Mon premier, Régis Huiban, tripote son chromatique avec une sensibilité qui ne dément pas depuis les chaudes heures de Tan Ba'n Ty jusqu'au Café Breton de Roland Becker. Mon second, Pierrick Tardivel, à la basse ou bigouden'goni, pose une rythmique toujours irréprochable, qui a largement contribué à asseoir la musique de Dibenn ou de Darhaou. Mon troisième, Gildas Le Buhé, développe un swing d'une insolente efficacité tant au saxophone qu'au chant, une cadence qui rendait déjà lumineuse la musique de Bill Ebet. Et mon quatrième... n'est pas venu, et c'est tant mieux car à trois, çà fonctionne extrêmement bien. Pas la peine d'en rajouter, sauf la délicate guitare de Philippe Gloaguen sur deux titres.
Wipidoup se pose comme une véritable incantation à la débauche de danses. Qui ne se précipite pas sur le plancher des danseurs tapera du pied ou dodelinera du chef dès les premières mesures. Le répertoire vannetais est fort bien représenté mais sans exclusive car on ne boude pas son plaisir à l'écoute de la suite plinn ou de la suite Loudéac... Et je ne vous parle pas de la gavotte ! Sans oublier, pour qui voudrait se reposer les jambes à défaut des oreilles, cette chanson extraite des collectes de Loeiz Herrieu.
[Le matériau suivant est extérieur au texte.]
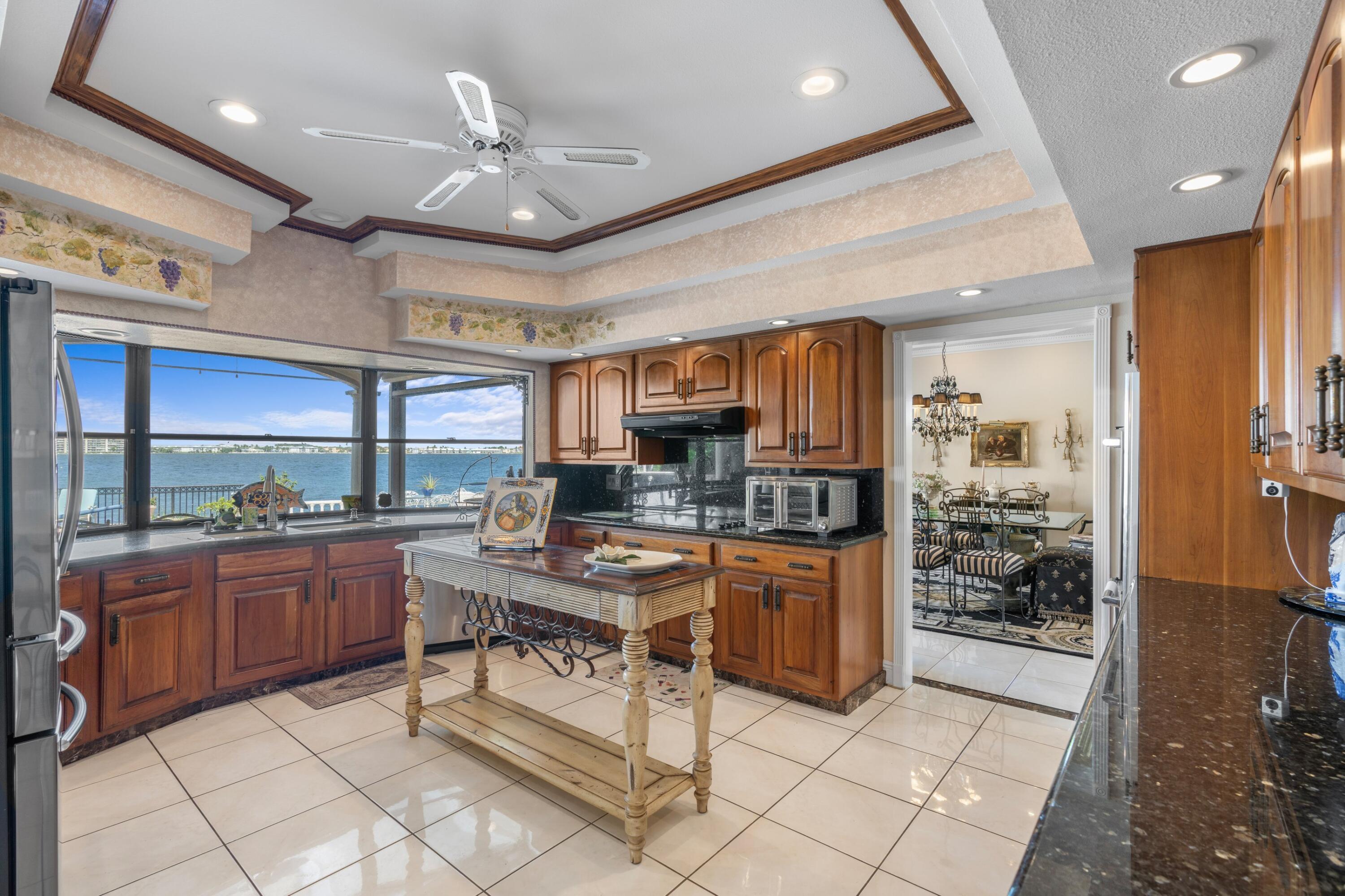 PINE POINT - Residential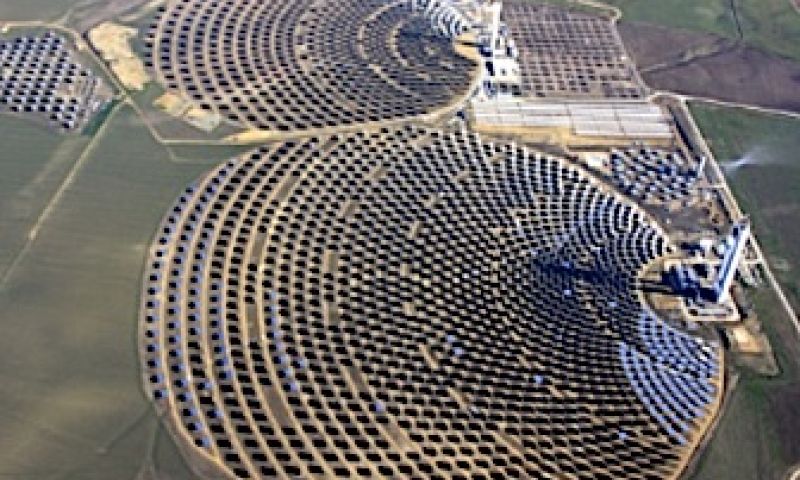 's Werelds grootste zonnetoren produceert boven verwachting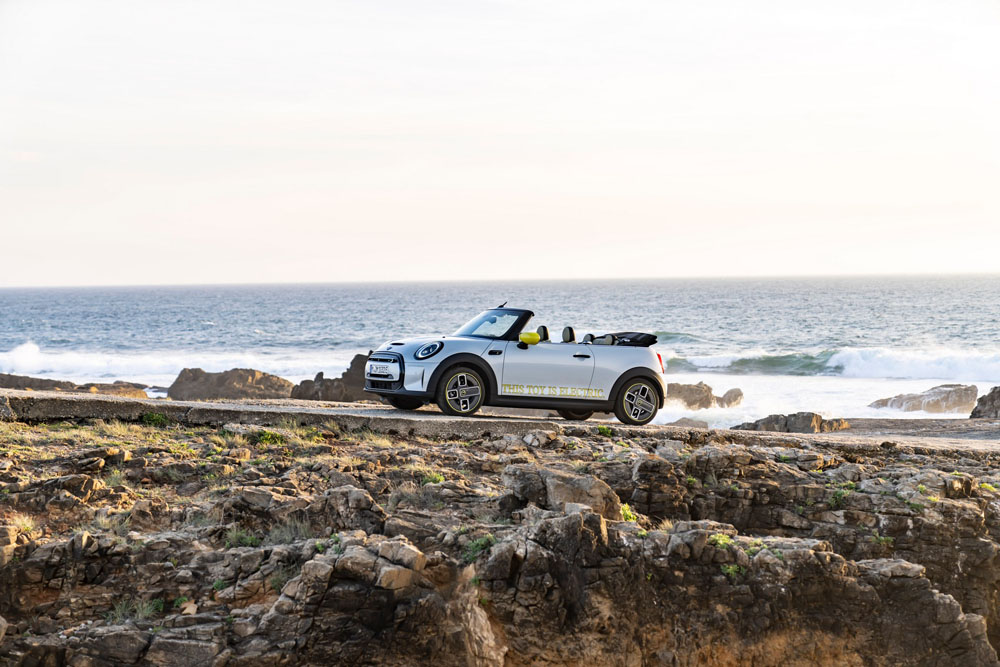 El Mini eléctrico se hace descapotable, pero no te hagas ilusiones 7 Motor16 2022 Mini Cooper SE Convertible 32 Motor16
Rien à jeter, donc. Il n'y a même pas une plage moyenne. Qui plus est, ces messieurs soignent le disign et l'univers surnaturel de leur musique, si bien faite qu'il est impossible de s'en lasser. Le duo saxophone-accordéon chromatique perdure et, enrichi de l'apport rythmique de la basse, continue à produire une musique énergique, rigoureuse mais légère, et tout à fait stimulante.
Le Canard Folk Septembre 2009 "Le disque du mois"
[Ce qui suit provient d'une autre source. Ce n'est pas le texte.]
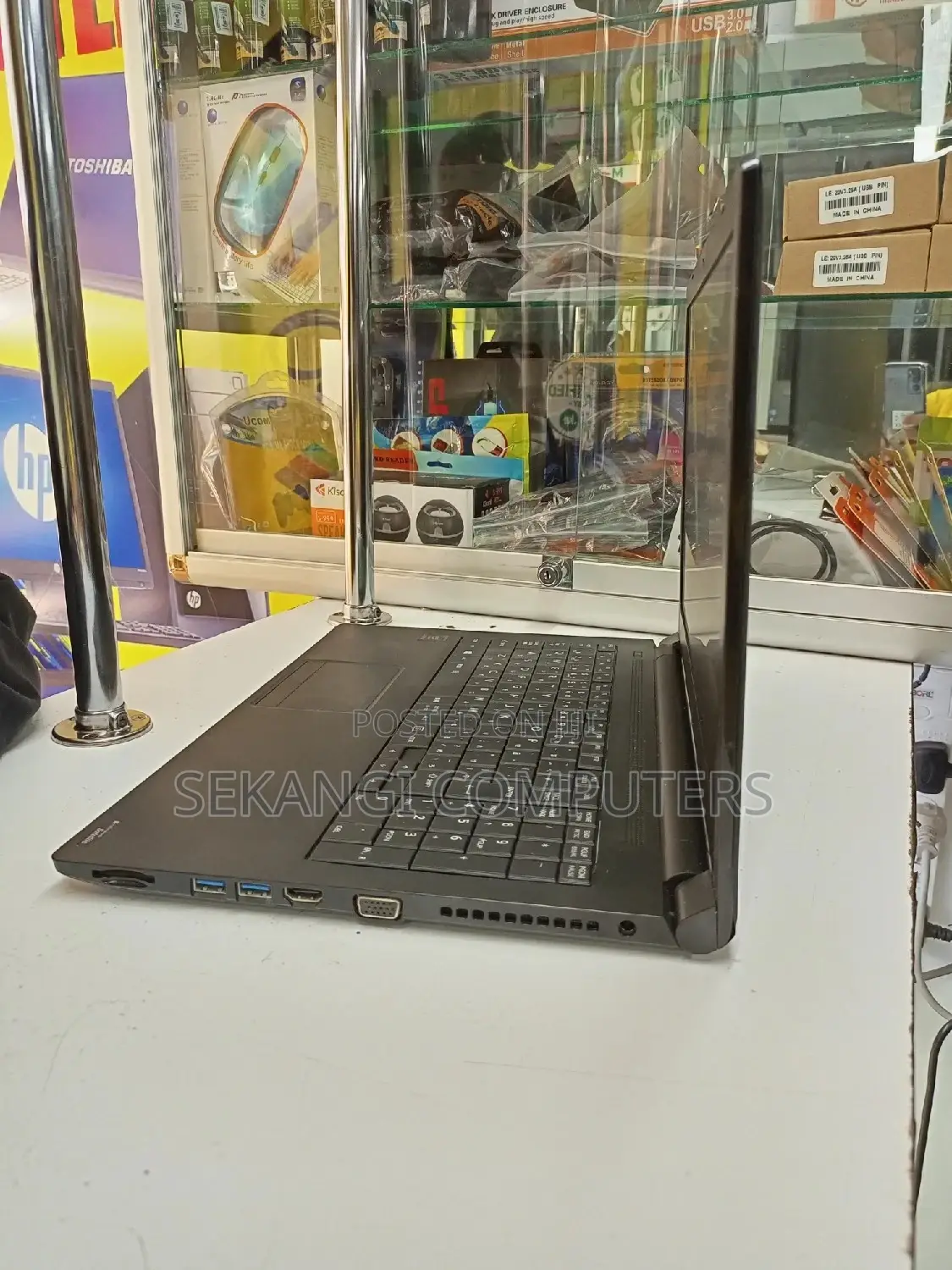 Laptop Toshiba Dynabook R634/M 4GB Intel Core I3 HDD 500GB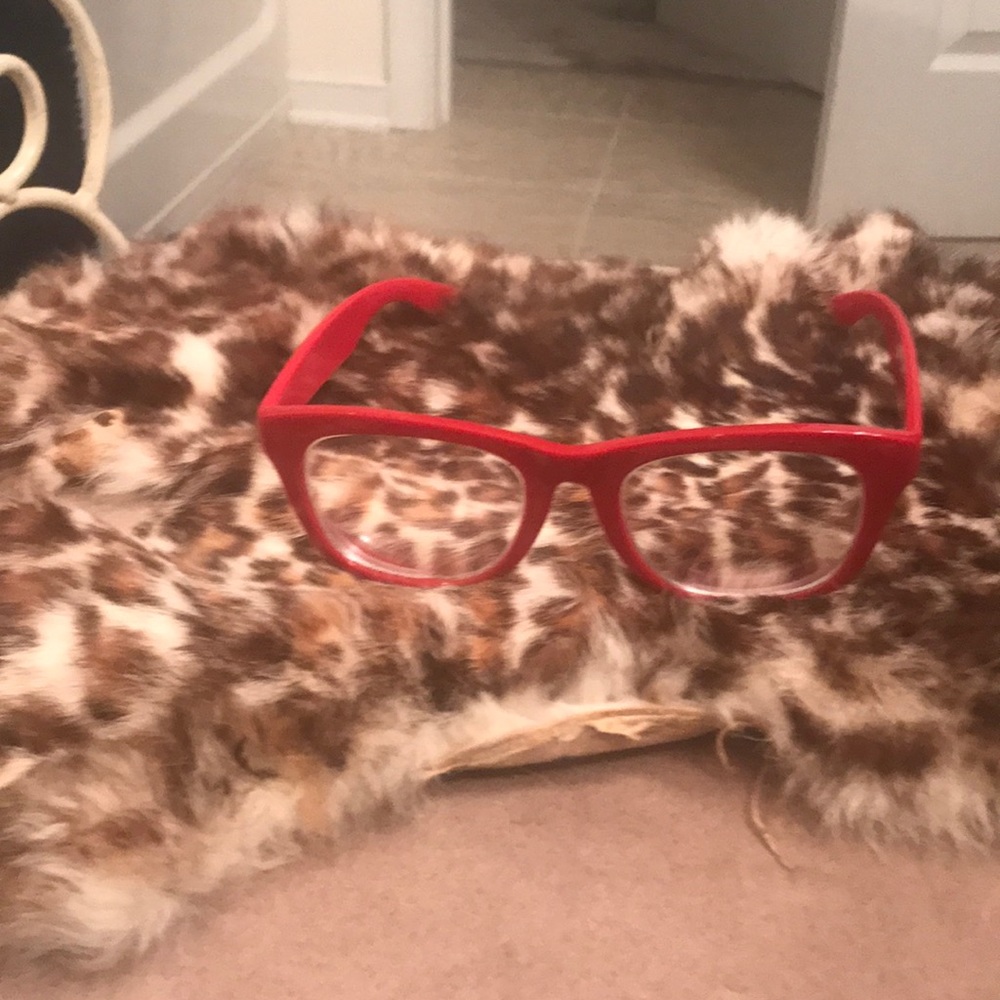 Use glasses - Picture 2 of 3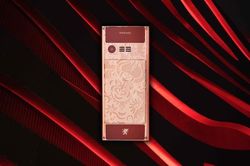 Mobiado ra mắt smartphone cao cấp phiên bản Trâu vàng chào năm Tân Sửu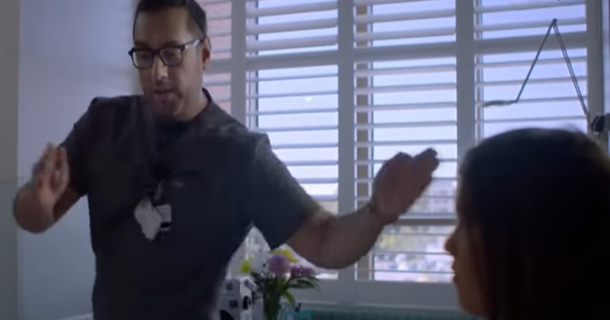 Dancing Nurse Keeps A Smile On Kids’ Faces At The Hospital With His Smooth Moves - picture 2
Du Breton d'aujourd hui, tout aussi envoûtant que jadis lmais avec d'autres instruments : un accordéon chromatique incisif très puissant dialogue avec le sax ou avec le chant, tandis qu'une basse bourdonne. Gildas Le Buhé, Régis Huiban et Pierre Tardivel, rejoints par Philippe Gloaguen pour les deux derniers morceaux, suspendent le temps pendant ces longues danses (plinn, andro, hanterdro, mazurka, rond de loudia....) mi-traditionnels, mi-composés par le groupe, les thèmes intemprorels font vibrer les parquets.